- **Records**
□ □ □
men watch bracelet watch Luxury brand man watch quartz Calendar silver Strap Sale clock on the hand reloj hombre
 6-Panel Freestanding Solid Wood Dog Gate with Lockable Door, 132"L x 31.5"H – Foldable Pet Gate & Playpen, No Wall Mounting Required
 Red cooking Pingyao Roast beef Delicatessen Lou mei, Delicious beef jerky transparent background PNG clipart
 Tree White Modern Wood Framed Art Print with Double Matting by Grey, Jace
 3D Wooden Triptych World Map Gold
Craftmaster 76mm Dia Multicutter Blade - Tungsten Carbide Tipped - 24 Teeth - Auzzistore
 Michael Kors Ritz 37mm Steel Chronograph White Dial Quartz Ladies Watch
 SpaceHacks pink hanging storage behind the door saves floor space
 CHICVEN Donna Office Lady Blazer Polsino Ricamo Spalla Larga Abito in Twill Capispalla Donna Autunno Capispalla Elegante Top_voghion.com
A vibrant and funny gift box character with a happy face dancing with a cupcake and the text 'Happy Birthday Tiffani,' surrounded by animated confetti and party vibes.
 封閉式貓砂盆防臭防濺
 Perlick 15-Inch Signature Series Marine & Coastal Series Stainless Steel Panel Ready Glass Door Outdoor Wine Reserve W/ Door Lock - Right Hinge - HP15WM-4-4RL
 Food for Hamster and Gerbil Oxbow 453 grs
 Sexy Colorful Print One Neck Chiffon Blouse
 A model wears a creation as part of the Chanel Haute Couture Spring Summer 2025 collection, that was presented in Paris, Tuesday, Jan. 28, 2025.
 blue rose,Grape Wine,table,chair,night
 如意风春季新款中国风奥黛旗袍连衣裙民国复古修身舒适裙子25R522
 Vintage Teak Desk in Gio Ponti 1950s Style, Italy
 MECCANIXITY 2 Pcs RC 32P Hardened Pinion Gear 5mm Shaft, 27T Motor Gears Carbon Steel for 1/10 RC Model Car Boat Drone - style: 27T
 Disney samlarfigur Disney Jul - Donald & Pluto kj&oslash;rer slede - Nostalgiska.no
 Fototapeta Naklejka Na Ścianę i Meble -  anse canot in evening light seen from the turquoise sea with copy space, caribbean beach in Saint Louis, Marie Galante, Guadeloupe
□ □ □
- **Task instructions**
Where the string "Print" appears in a line of the entries above, return that line.

- **Your solution**
 Tree White Modern Wood Framed Art Print with Double Matting by Grey, Jace
 Sexy Colorful Print One Neck Chiffon Blouse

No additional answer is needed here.